====== STORED DATA ======

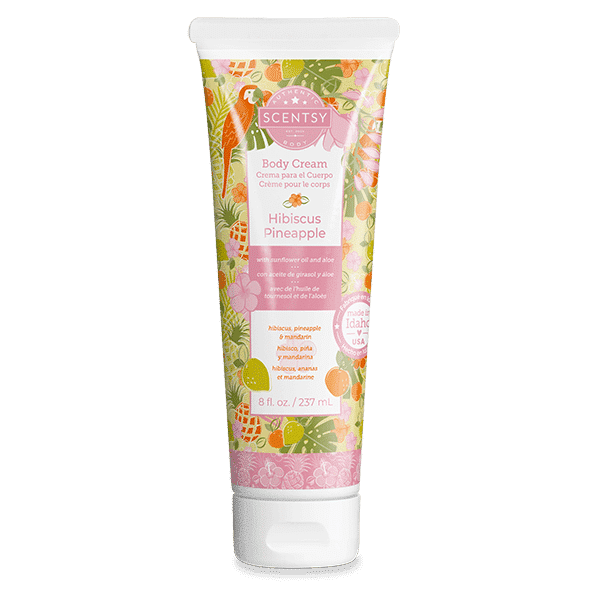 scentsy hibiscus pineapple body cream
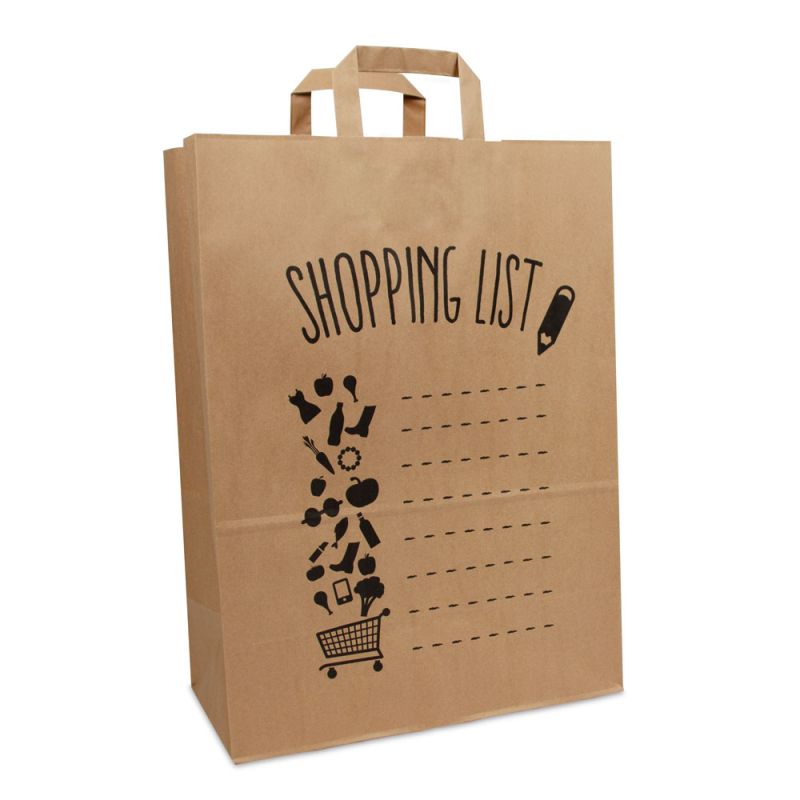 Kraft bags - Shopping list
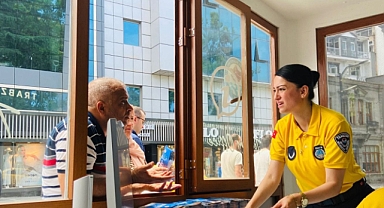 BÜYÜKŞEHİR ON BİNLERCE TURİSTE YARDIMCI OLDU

======

TO DO
Repeat the lines above exactly, and keep every picture out.

SOLUTION FOR THIS PROBLEM
 scentsy hibiscus pineapple body cream
 Kraft bags - Shopping list
 BÜYÜKŞEHİR ON BİNLERCE TURİSTE YARDIMCI OLDU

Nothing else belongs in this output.